Il y a aussi ce très intéressant système de titres, qui permettent d'améliorer sensiblement les capacités de ses vampires, avec en point d'orgue le très convoité "Titre de la ville" qui permet d'emmagasiner notamment un point de Cabale par tour. J'aime aussi cette idée de jetons Prestige qui servent à la fois pour recruter et de points de vie, et qui demande très rapidement de faire des choix entre taille de son bestiaire et risques que l'on prend pour sa propre survie.
Mais tout cela finit irrémédiablement par favoriser ceux qui arrivent à faire survivre leurs troupes le plus longtemps sur la table, ce qui passe plus facilement par des affrontements en ville (pour récupérer de la vie) et contre les autres joueurs pour faire baisser leur capacité à vous menacer.
Et ce qui n'arrange rien, c'est que le jeu est dense ... mais dense ! 2 decks et 2 zones de jeu pour chaque joueur, la possibilité de grouper des vampires, des séquences d'attaque en 12 étapes (sur le résumé de la règle), un système de 11 disciplines, ... le jeu amène des mécaniques qui rendent forcément l'expérience plus riche, mais qui rajoute aussi continuellement des exceptions et de nouvelles règles dans des cas très précis.

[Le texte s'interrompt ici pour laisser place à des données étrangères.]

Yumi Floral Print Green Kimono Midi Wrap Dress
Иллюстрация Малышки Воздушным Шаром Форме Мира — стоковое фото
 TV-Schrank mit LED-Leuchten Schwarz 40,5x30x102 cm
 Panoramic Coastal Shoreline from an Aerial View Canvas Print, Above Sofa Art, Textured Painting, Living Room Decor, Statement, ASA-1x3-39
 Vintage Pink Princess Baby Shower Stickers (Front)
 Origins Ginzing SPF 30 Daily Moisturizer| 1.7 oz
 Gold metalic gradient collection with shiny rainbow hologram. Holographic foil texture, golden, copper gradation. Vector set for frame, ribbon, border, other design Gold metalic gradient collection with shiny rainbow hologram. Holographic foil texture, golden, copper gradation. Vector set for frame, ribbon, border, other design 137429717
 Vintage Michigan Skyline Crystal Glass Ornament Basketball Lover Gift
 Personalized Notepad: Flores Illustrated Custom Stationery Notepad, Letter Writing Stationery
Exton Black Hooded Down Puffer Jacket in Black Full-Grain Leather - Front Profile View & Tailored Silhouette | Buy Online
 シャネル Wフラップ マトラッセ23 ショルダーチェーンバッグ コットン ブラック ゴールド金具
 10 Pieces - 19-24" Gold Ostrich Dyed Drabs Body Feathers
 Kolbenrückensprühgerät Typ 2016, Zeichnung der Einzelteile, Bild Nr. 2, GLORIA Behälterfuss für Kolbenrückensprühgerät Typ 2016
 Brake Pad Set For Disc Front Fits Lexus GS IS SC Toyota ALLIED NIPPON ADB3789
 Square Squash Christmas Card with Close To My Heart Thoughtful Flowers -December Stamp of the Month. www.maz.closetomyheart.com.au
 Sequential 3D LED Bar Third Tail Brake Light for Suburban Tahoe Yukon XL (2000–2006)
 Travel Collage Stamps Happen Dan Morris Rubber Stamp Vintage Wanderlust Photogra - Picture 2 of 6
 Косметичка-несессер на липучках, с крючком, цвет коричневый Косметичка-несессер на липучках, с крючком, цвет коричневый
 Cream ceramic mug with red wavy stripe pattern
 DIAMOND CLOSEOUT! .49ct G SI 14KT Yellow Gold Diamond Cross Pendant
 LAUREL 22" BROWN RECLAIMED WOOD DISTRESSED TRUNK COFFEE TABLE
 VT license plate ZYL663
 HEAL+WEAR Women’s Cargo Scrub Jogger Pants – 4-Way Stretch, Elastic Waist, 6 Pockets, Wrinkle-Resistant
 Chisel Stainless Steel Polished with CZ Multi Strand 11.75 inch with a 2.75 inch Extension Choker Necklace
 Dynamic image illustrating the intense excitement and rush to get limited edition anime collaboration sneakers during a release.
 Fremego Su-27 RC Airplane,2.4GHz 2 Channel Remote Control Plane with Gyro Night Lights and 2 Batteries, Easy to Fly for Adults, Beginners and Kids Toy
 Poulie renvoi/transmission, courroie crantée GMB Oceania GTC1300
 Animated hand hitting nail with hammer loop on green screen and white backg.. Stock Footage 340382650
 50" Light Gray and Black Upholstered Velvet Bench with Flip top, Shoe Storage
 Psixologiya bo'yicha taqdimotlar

Ce qui fait qu'on a d'avantage la sensation d'un amalgame d'idées mécaniques un peu superficielles et situationnelles, plutôt qu'un jeu qui offre un ensemble cohérent porté vers l'amusement ludique. Et rien à dire de plus que c'est ballot, surtout pour un titre qui était sensé fluidifier un jeu original riche mais bien trop long et complexe selon les standards actuels.
Ces choix techniques ne sont heureureusement pas bloquants (même si l'apprentissage peut vraiment prendre du temps) et arrivent à maintenir l'intérêt dans le jeu à 3 ou 4 joueurs, même si les parties peuvent s'éterniser et le hasard du tirage rendu plus prépondérant. Mais à deux joueurs, quand on aime généralement les jeux de duel dynamiques et rythmés, où les choix individuels priment sur la réussite au tirage, Vampire : The Masquerade Rivals ne coche vraiment pas toutes les cases.
Alors, c'est certain, je ne suis pas le plus à même de donner un avis d'expert sur le genre, et mon groupe et moi n'avons pas poussé Vampire : The Masquerade Rivals jusqu'à maîtriser les paquets de base et créer nos propres decks (grâce aux 60 cartes supplémentaires).
Mais j'ai quand même été un petit joueur de Magic dans ma jeunesse, et j'apprécie à chaque fois de ressortir ma boîte de Marvel : Champions pour m'extasier à relever des défis et tenter des coups de maître. Des sensations que je ne retrouve résolument pas ici, ce qui me fait dire par ma modeste expérience que ce Vampire : The Masquerade Rivals, malgré un thème bien imprégné et de jolies promesses de gameplay sur le papier, manque malheureusement un peu trop de tout pour rentrer, dans l'état, dans le panthéon des JCE modernes.